*** Begin section ***
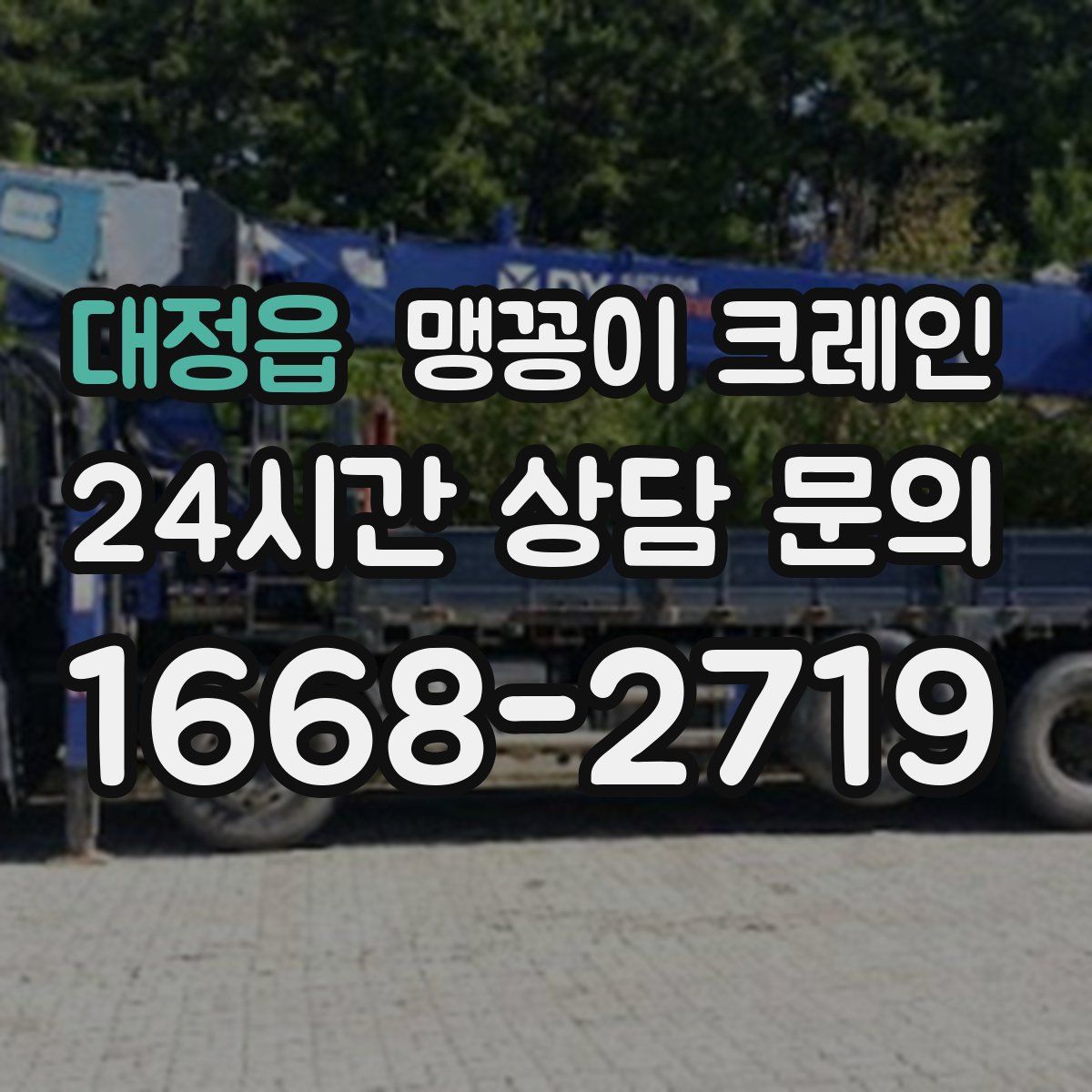 대정읍 맹꽁이 크레인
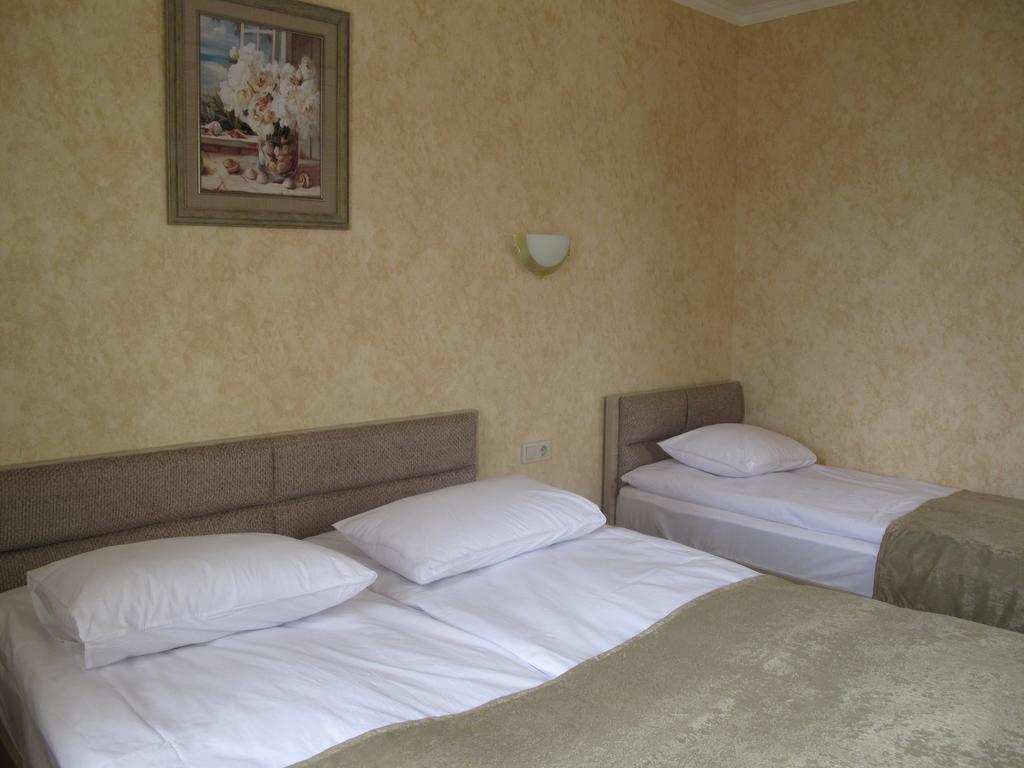 Ok Georgia Hotel 3*, фото 8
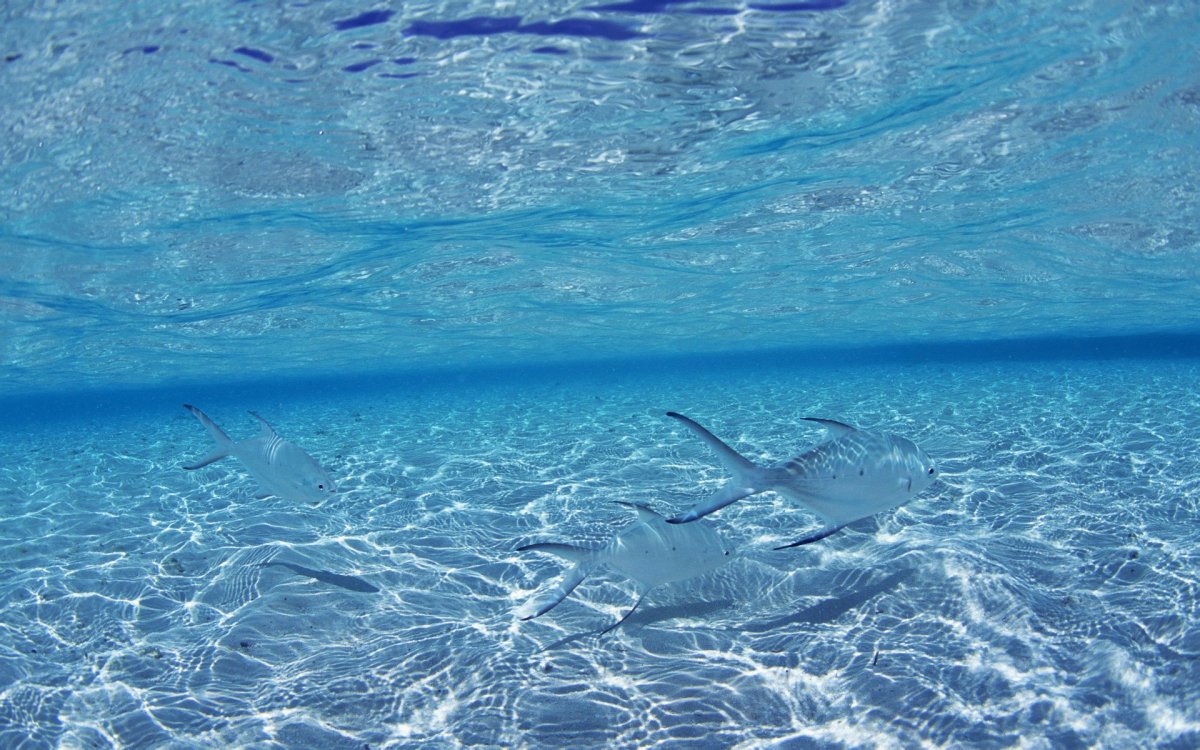 Прозрачная вода море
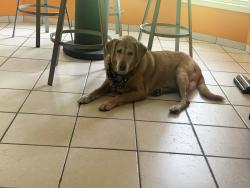 Lost Male Dog last seen Bayberry place, Chesapeake, VA 23320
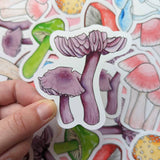 Rainbow Mushroom Sticker Pack - Set of 6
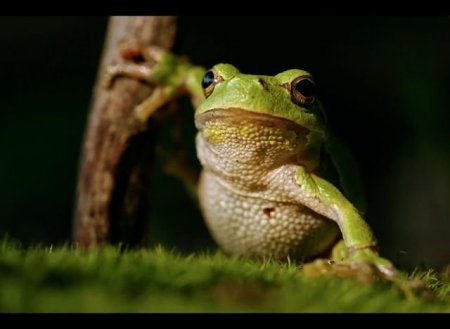 Смешные животные (21 фото)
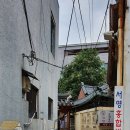 마당깊은집 길남이 이미지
*** End section ***
In the records above, find the line containing "Rainbow Mushroom Sticker Pack - Set of 6" and restate it and every line after it word for word, all pictures excluded.

* OUTPUT FOR THIS TASK
 Rainbow Mushroom Sticker Pack - Set of 6
 Смешные животные (21 фото)
 마당깊은집 길남이 이미지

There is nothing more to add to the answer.